Sir Arthur Morgan (1856–1916) was an Australian politician and Premier of Queensland from 1903 to 1906.

Early life
Morgan was born in Warwick, Queensland. He is the fourth son of James Morgan (who later represented Warwick in the Legislative Assembly of Queensland and later became the chairman of committees) and his wife Kate, née Barton. Morgan was educated at a public school at Warwick and then joined the staff of the Warwick Argus, which was owned and edited by his father. Morgan married Alice Augusta Clinton (daughter of H. E. Clinton) on 26 July 1880.

Career
Morgan became a member of the Warwick Municipal Council in 1885 and served as mayor since 1886–1890 and again in 1898. In 1887 he was elected a member of the Queensland Legislative Assembly for the district of Warwick, and held this seat until 1896. In 1899, he was re-elected to this seat, and in that same year was chosen as the Speaker of the Legislative Assembly of Queensland.
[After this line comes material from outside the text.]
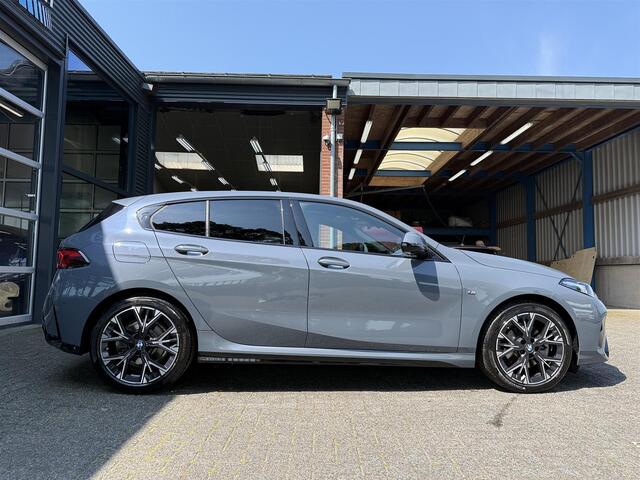 BMW 1-SERIE 120 M-Sport Automaat / Panorama / Sportstoelen / Adaptief onderstel / Adaptive LED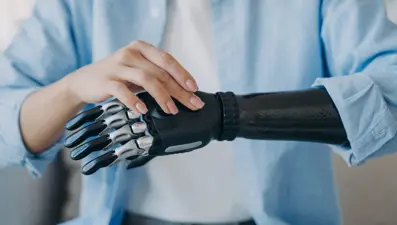 Teknolojide devrim: Protez eller düşünce gücüyle hareket ettirildi!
In 1903, businessman and politician Robert Philp resigned as Premier of Queensland on account of defections from his party, and the leader of the Labor party being unable to form a ministry. Morgan was asked to lead a combination of a group of liberals and the labor party. He later resigned the speakership, and went on to form a ministry. After that, he held the positions of the premier, chief secretary, secretary for railways, and vice-president of the executive council. Morgan's policy of retrenchment made him unpopular, and his alliance with the labor party was seen as questionable by his former associates. In January 1906, after the death of Sir Hugh Nelson, Morgan was appointed as president of the Queensland Legislative Council and was acting-governor on two occasions. In 1908 he was appointed to the seat of Lieutenant-Governor of Queensland.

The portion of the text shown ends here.